> To do
With the pictures removed, retype the lines from the one holding "2 BEDROOM HOUSE FOR SALE IN SOSHANGUVE VV" through the end of the records, exactly as written.

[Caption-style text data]
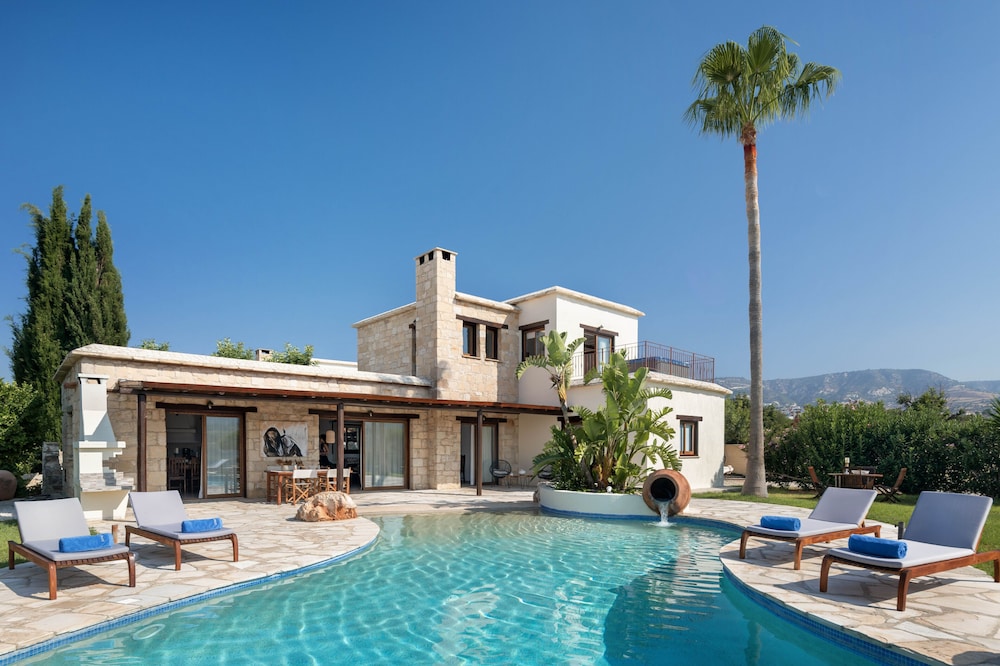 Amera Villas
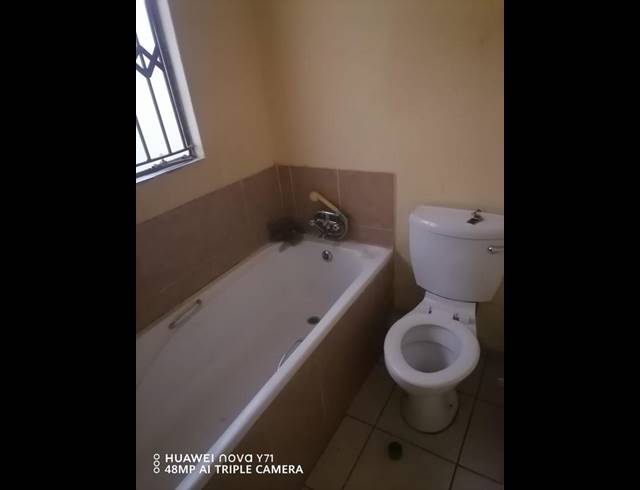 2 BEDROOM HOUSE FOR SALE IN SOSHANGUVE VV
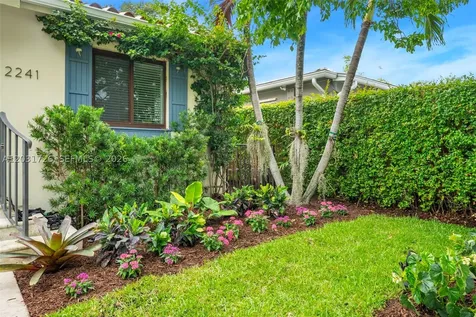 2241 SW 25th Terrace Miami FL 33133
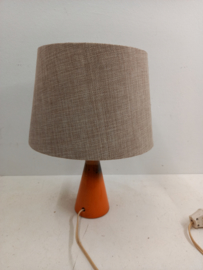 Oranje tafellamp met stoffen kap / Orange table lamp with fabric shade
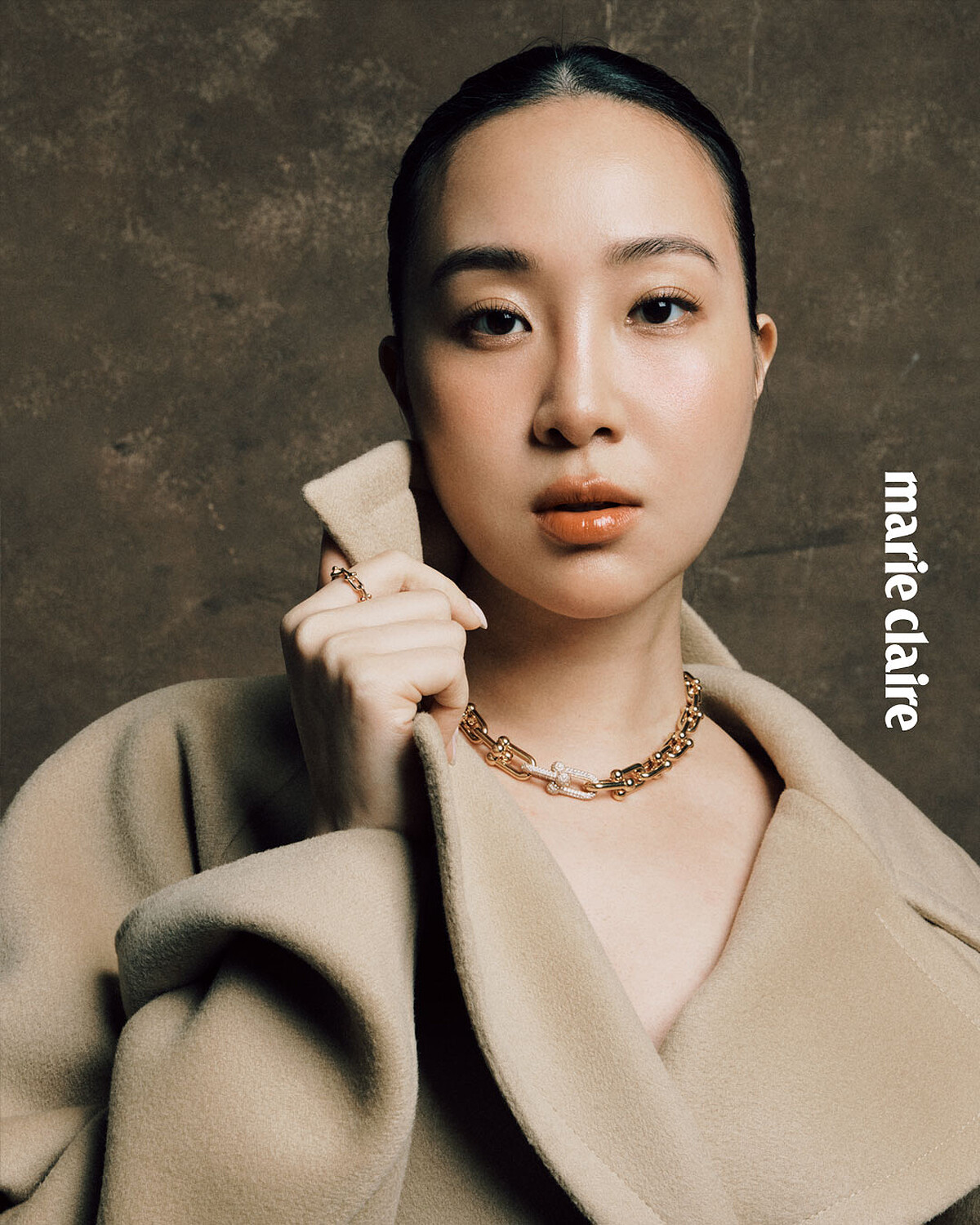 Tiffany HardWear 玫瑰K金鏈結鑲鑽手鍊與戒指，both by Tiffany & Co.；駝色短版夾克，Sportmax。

> Solution to this exercise
 2 BEDROOM HOUSE FOR SALE IN SOSHANGUVE VV
 2241 SW 25th Terrace Miami FL 33133
 Oranje tafellamp met stoffen kap / Orange table lamp with fabric shade
 Tiffany HardWear 玫瑰K金鏈結鑲鑽手鍊與戒指，both by Tiffany & Co.；駝色短版夾克，Sportmax。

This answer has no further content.